======== Provided material
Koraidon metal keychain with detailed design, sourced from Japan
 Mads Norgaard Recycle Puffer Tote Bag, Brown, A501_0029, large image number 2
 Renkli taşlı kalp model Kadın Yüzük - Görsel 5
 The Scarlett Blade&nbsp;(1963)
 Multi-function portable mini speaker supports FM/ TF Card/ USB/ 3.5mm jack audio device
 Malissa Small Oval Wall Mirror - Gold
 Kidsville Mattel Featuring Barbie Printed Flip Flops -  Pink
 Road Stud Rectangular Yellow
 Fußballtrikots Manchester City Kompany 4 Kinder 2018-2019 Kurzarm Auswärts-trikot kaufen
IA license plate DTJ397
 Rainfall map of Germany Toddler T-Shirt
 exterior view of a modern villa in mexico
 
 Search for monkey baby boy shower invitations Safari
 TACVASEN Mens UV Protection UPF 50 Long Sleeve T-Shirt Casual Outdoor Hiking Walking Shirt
================
Exercise instructions
Reproduce the data. Match each line exactly.

Written response
Koraidon metal keychain with detailed design, sourced from Japan
 Mads Norgaard Recycle Puffer Tote Bag, Brown, A501_0029, large image number 2
 Renkli taşlı kalp model Kadın Yüzük - Görsel 5
 The Scarlett Blade&nbsp;(1963)
 Multi-function portable mini speaker supports FM/ TF Card/ USB/ 3.5mm jack audio device
 Malissa Small Oval Wall Mirror - Gold
 Kidsville Mattel Featuring Barbie Printed Flip Flops -  Pink
 Road Stud Rectangular Yellow
 Fußballtrikots Manchester City Kompany 4 Kinder 2018-2019 Kurzarm Auswärts-trikot kaufen
IA license plate DTJ397
 Rainfall map of Germany Toddler T-Shirt
 exterior view of a modern villa in mexico
 
 Search for monkey baby boy shower invitations Safari
 TACVASEN Mens UV Protection UPF 50 Long Sleeve T-Shirt Casual Outdoor Hiking Walking Shirt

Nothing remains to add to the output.